Ever expecting an influx of residents and business to New Jersey, Trenton is again touting "smart growth", the control of sprawl and the promotion of redevelopment. Several state programs are available in New Jersey to promote development of "brownfields" - environmentally compromised and either abandoned, idle or underutilized sites that are often, but not always, former industrial sites or gas stations. Contrary to popular belief, these sites aren't only located in urban areas. The mechanisms described herein aid purchasers and developers/redevelopers of such sites by affording liability protection and providing an opportunity to quantify and recover cleanup and removal costs.
The New Jersey Brownfield and Contaminated Site Remediation Act (BCSRA) protects buyers not responsible for original contamination from private lawsuits and from having to perform additional cleanup work (related to past contamination) if the site is cleaned pursuant to applicable regulations. Any voluntary cleanup must meet the criteria for remediation set forth in the technical requirements for site remediation, N.J.A.C. 7:26E.
The Hazardous Discharge Site Remediation Fund (HDSRF) created pursuant to the BCSRA, provides opportunities for municipalities and private parties to receive monies for the development of such sites. A private party may qualify for loans up to $1 million per year if unable to obtain private funding. Half of the $1 million may be by grant to an innocent party, regardless of whether private funding is available. A developer may also qualify to enter into a "redevelopment agreement" providing for up to 75% reimbursement of remediation costs. A portion of the costs are recouped from tax revenues from operations at the site. This mechanism is available for private parties conducting voluntary cleanups. The New Jersey Department of Environmental Protection (NJDEP) initially reviews an application to determine whether or not a scope of work may be approved such that a loan or grant may be issued. Then, the application is moved to the New Jersey Economic Development Authority (EDA), which actually funds and distributes monies for the cleanup.
A contaminated property may also be designated as an environmental opportunity zone (EOZ) pursuant to the Environmental Opportunity Zone Act. Under this act, an owner of property may be eligible for tax relief, again contingent upon agreement to conduct a remediation with NJDEP oversight. This funding is also contingent upon the municipality adopting legislation authorizing EOZ eligibility and tax relief. Owners of contaminated properties are offered special tax incentives by the municipalities in return for a commitment to clean such properties up. This funding is also in the form of low_interest loans. Unique to this program is the fact that the property owner needn't establish a funding source as part of the remediation. The municipality authorizing the designation of properties as EOZs must provide in the ordinance for a tax exemption of 10 years; set forth application procedures; and provide a method of computing payments in lieu of taxes. Of course, the property owner must enter into an oversight agreement with the NJDEP.

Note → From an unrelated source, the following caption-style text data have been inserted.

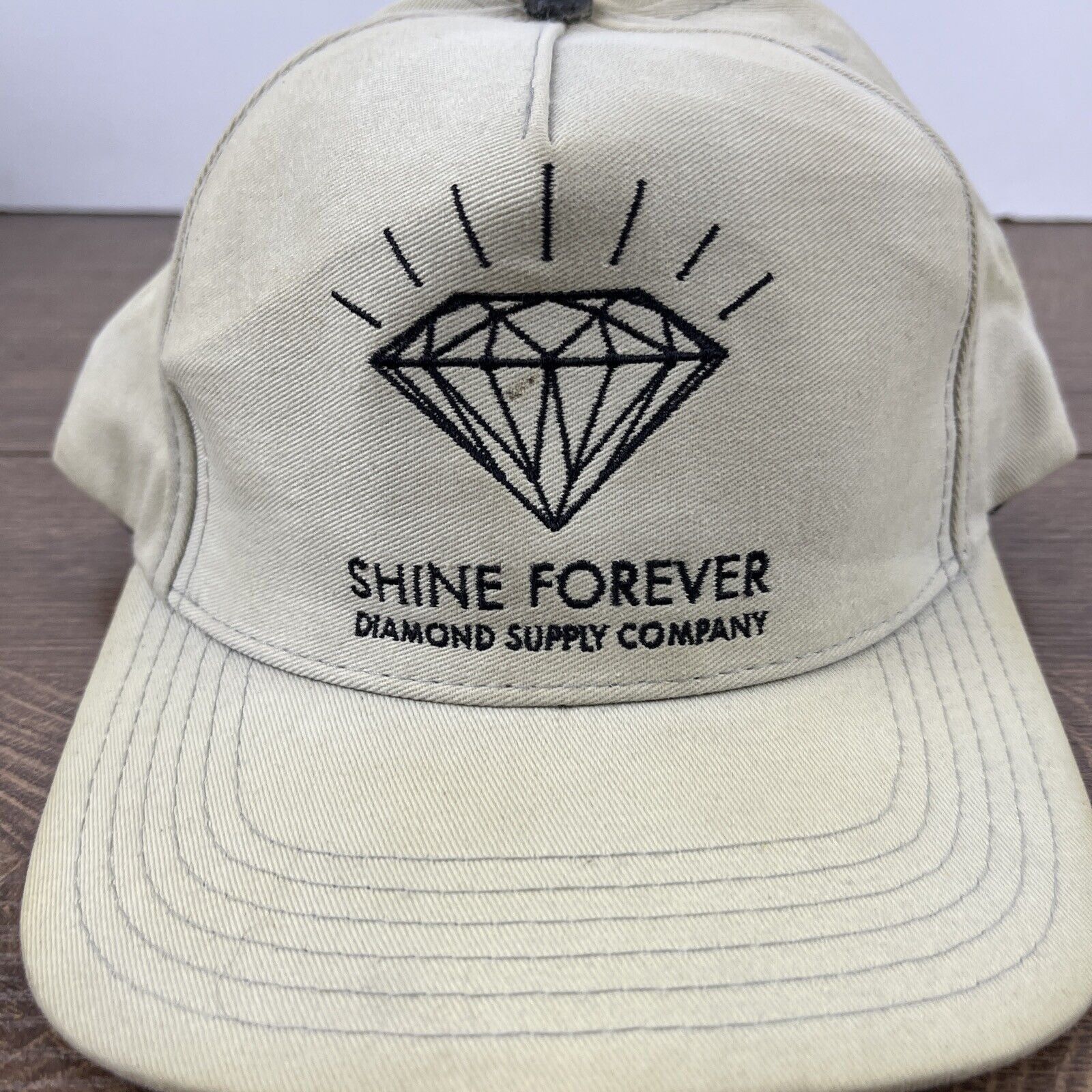 Other Shine Forever Hat Shine Diamond Tan Hat Adjustable Snapback Size ONE SIZE - 7 Thumbnail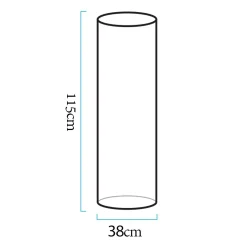 Lampa ogrodowa kolumna TUBE LED RGBW 16 kolorów 115 cm (ES-DC033) - Step into Design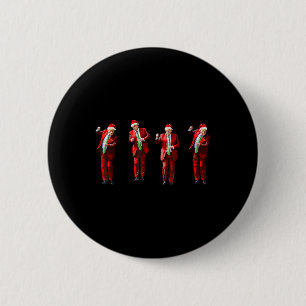 Badge Rond 5 Cm Trump Danse Père Noël Noël Noël Noël Noël Noël Noë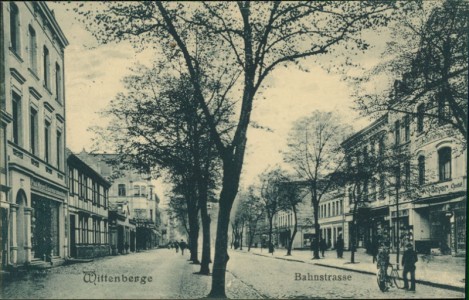 Alte Ansichtskarte Wittenberge, Bahnstrasse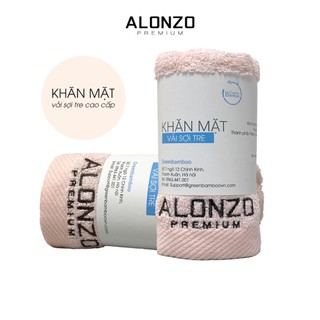 Khăn mặt chất liệu vải sợi tre Alonzo Premium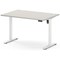 Air Lite 1200mm Height Adjustable Desk, White Leg, Dove Grey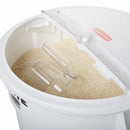 Rubbermaid 29 1/3 in" x 23 2/5 in" x 29 1/3 in" Plastic Bulk Ingredient Container Combo, White/Clear - FG9G7500WHT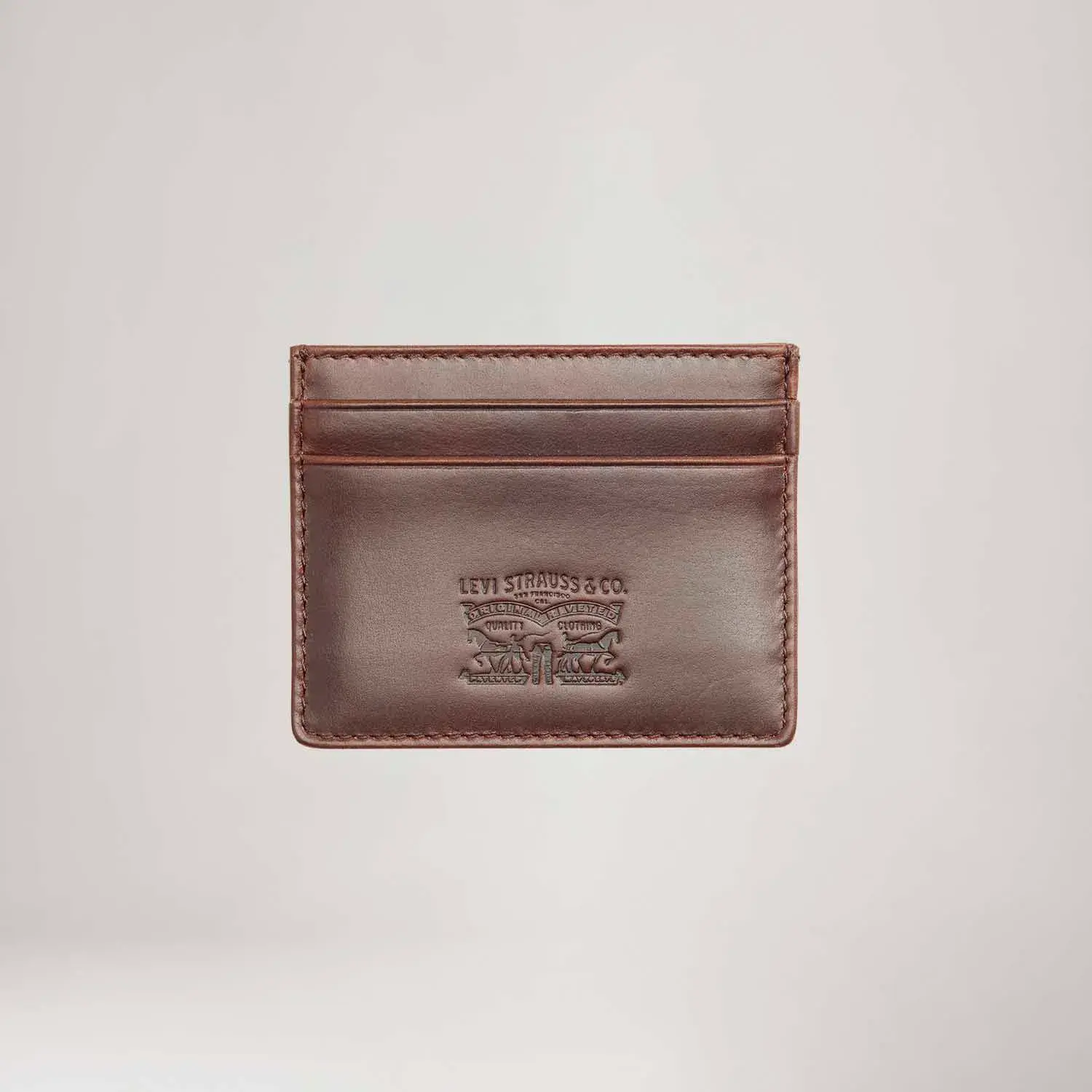 Carteira Levi's® Leather Card Case Marrom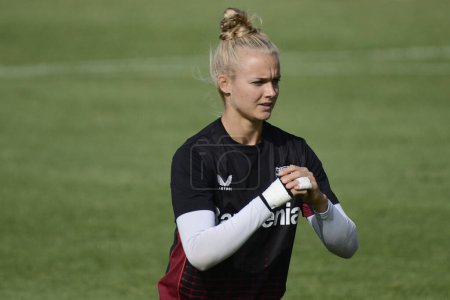 Photo for July 12, 2022, Mexico City, Mexico: Anna Klink of the Women's Bayer Leverkusen team during a training before the  match between America and Bayer Leverkusen as part of 100 years of Bayer in Mexico - Royalty Free Image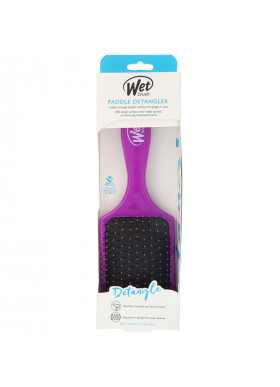 Wet Brush, Paddle Detangler Brush, Detangle, Purple,  1 Brush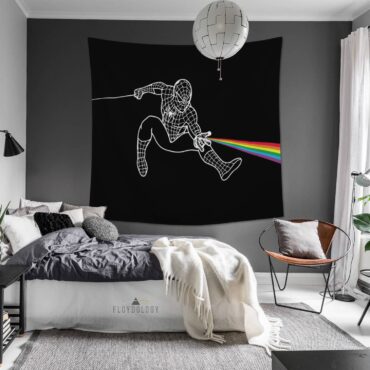 Dark Side Of Spiderman Pink Floyd Tapestry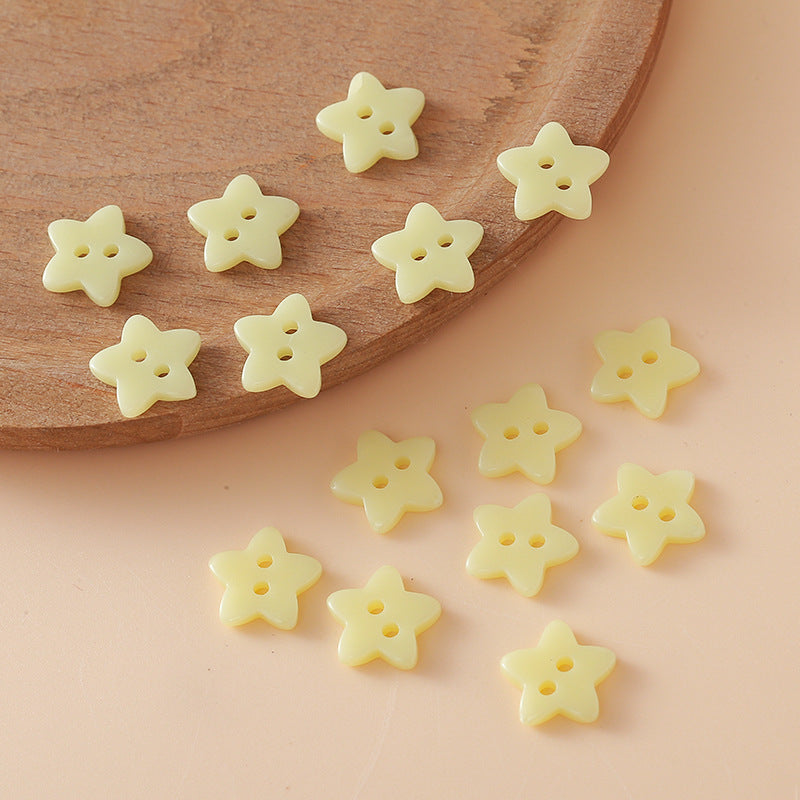 Boutons d'étoile cinq points colorés mignons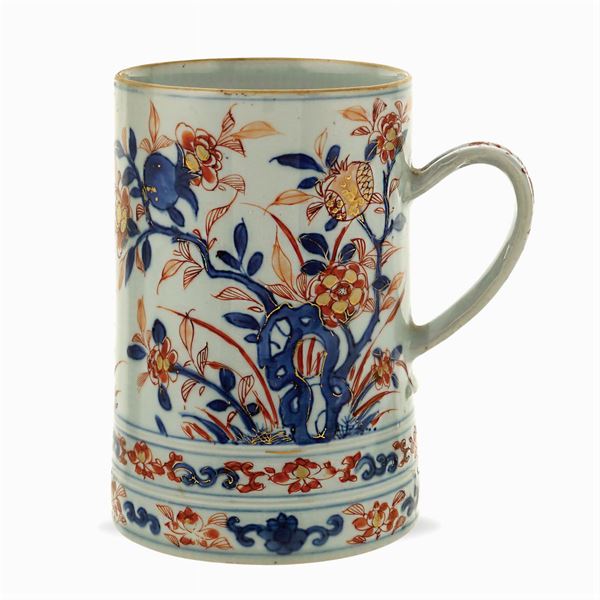 Imari porcelain tankard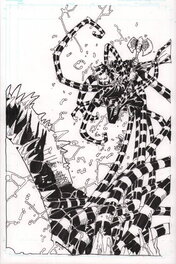 Chris Bachalo - Dr Strange vs The Tentacle Demon - Illustration originale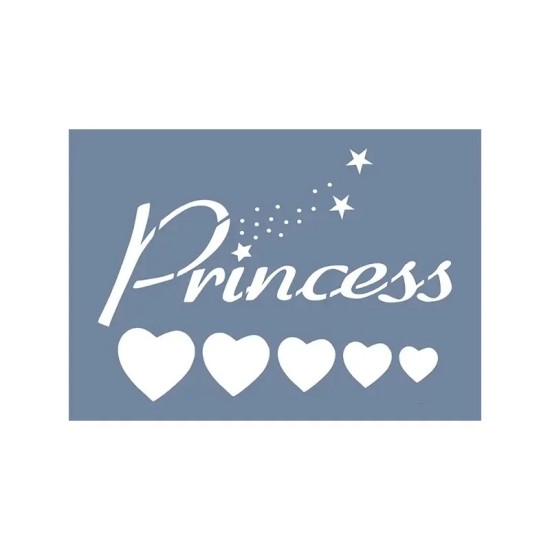 EHY131 Princess Stencil 21x30cm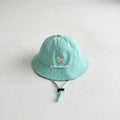 Baby Fisherman Hat With Small Spade Embroidery For Sun Protection
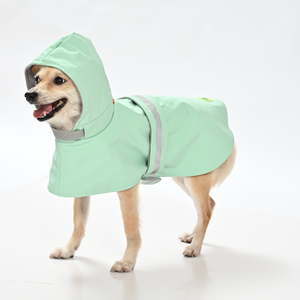 Chaqueta Reflectante <span class=keywords><strong>para</strong></span> Perro con Anillo en D, Capucha y Forro Polar Impermeable - Product Image 4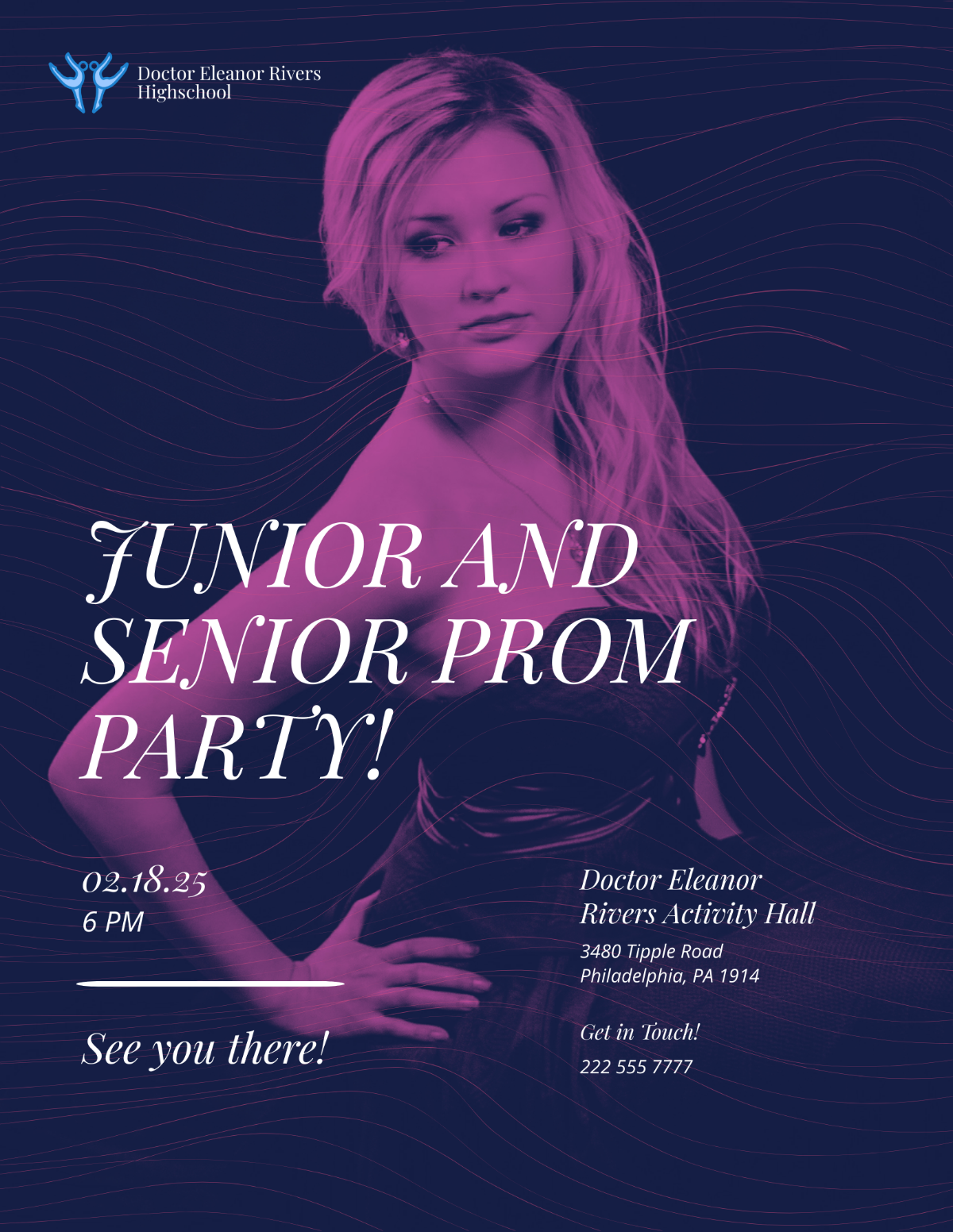 Prom Party Flyer Template - Edit Online & Download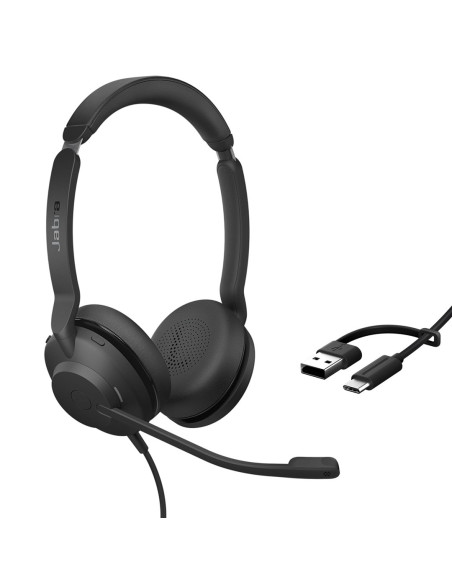 Jabra Evolve2 30 Se Zestaw Słuchawkowy Przewodowa Opaska Na Głowę Biuro/Centrum Telefoniczne Usb Type-C / Usb Type-A Czarny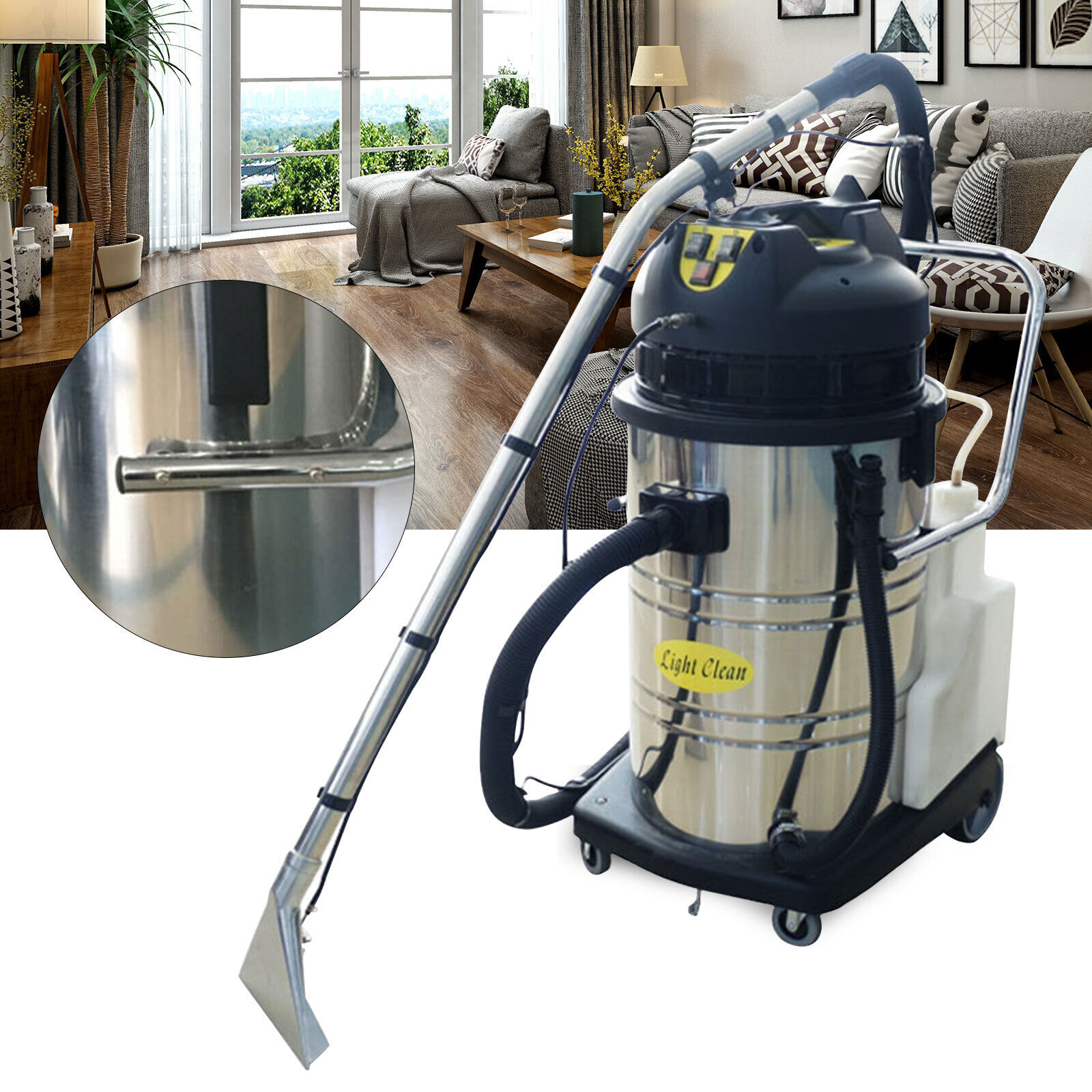 60L Commercial Carpet Cleaner Machine Cleaning Extractor Vacuum Suction Cleaner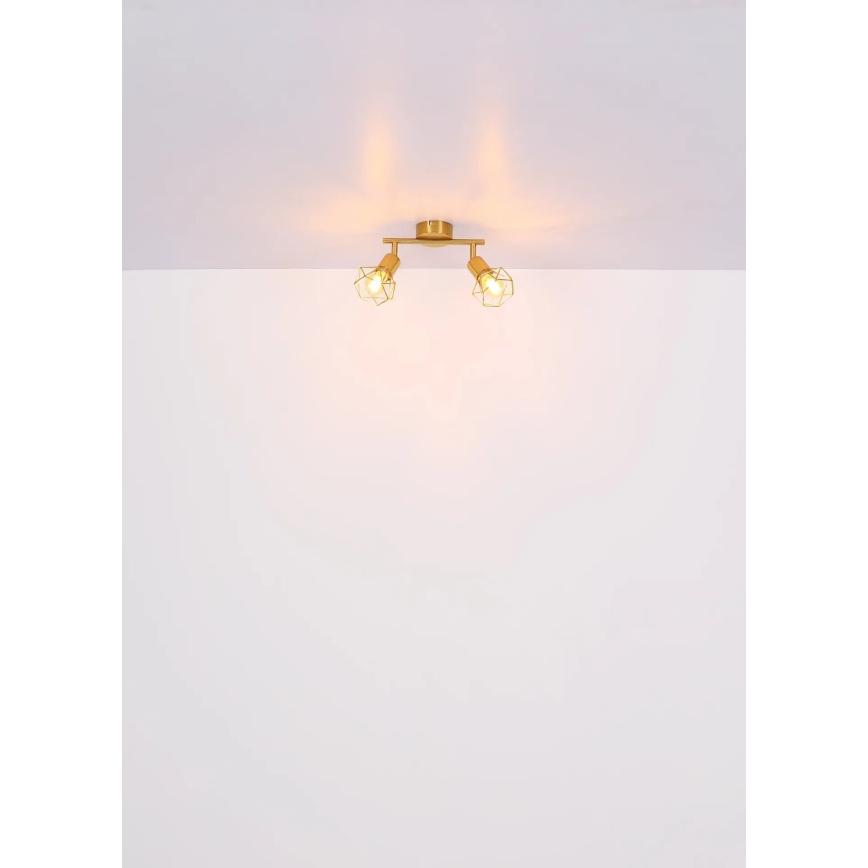 Globo - Kohdevalo 2xE14/40W/230V kulta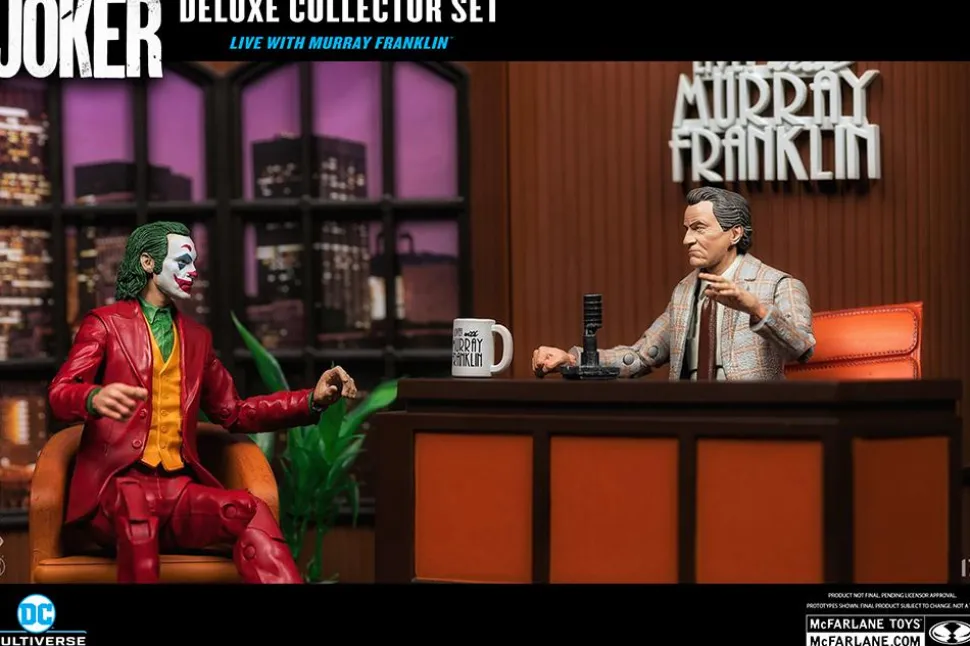 Joker (2019) - Live with Murray Franklin DC Multiverse Deluxe 7" Scale Action Figure Collector Set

Innocent purchaser protection is available to property purchasers who perform appropriate due diligence investigations, as an affirmative defense to liability under the New Jersey Spill Compensation and Control Act (Spill Act). A purchaser of contaminated property, at least since September 14, 1993, is a responsible party pursuant to the Spill Act unless the property was acquired after contamination occurred; the purchaser had no reason to know about pre_existing contamination; the purchaser was not in any way responsible for the hazardous substance; the NJDEP was notified upon discovery of the discharge; and, if contamination was found, it must be remediated.
Following a cleanup, when a remediating party receives a no further action letter (NFA) from the NJDEP, it includes a covenant not to sue. This means that the NJDEP won't sue a property owner to require additional cleanup work necessitated by changes in remediation standards or based on discovery of previously undiscovered contamination. The recipient of the NFA is protected from claims regarding the property remediated, but not from claims pertaining to offsite contamination.
Even if unable to avail oneself of the "innocent purchaser" defense to liability, the remediating party may yet seek contribution, including treble damages, from a party in any way responsible for contaminating the property, if the purchaser follows the dictates of the Spill Act to qualify for treble damages. Further, a directive must have been issued by the NJDEP against a party responsible for cleanup in order for the purchaser to be able seek treble damages at some future point for clean up and removal costs.